> Exercise requirements: Each line that includes "with" must be copied from the records.

[Records from a data collection]
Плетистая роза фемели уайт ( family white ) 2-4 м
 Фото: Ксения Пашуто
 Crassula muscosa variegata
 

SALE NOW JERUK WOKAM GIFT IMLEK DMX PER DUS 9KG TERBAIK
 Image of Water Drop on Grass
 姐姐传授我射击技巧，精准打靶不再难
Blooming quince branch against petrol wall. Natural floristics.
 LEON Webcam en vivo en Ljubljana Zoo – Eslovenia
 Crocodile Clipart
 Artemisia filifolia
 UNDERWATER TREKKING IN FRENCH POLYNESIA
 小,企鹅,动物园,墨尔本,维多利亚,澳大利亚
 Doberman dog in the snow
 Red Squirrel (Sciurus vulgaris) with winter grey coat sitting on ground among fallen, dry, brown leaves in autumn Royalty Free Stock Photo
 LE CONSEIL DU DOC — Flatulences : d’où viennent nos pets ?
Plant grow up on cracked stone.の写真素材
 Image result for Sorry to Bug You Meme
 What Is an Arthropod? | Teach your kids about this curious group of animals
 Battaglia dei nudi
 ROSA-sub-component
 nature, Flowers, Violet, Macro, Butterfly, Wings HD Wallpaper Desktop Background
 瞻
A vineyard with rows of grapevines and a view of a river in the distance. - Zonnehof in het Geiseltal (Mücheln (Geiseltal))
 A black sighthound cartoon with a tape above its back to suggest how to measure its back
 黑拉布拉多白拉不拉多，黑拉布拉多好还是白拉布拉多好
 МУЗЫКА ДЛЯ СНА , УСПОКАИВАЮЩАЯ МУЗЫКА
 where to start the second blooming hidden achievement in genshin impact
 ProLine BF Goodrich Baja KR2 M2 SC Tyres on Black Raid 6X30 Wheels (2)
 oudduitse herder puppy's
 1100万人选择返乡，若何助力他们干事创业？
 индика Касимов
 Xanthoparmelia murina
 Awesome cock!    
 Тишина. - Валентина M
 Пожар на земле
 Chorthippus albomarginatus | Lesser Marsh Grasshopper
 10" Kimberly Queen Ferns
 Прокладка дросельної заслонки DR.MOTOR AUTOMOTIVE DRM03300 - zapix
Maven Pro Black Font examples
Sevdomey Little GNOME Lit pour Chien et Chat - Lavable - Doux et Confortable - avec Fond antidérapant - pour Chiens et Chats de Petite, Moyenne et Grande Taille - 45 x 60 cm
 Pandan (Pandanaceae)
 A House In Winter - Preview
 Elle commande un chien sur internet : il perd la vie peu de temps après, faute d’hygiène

> Finished exercise:
 Red Squirrel (Sciurus vulgaris) with winter grey coat sitting on ground among fallen, dry, brown leaves in autumn Royalty Free Stock Photo
A vineyard with rows of grapevines and a view of a river in the distance. - Zonnehof in het Geiseltal (Mücheln (Geiseltal))
 A black sighthound cartoon with a tape above its back to suggest how to measure its back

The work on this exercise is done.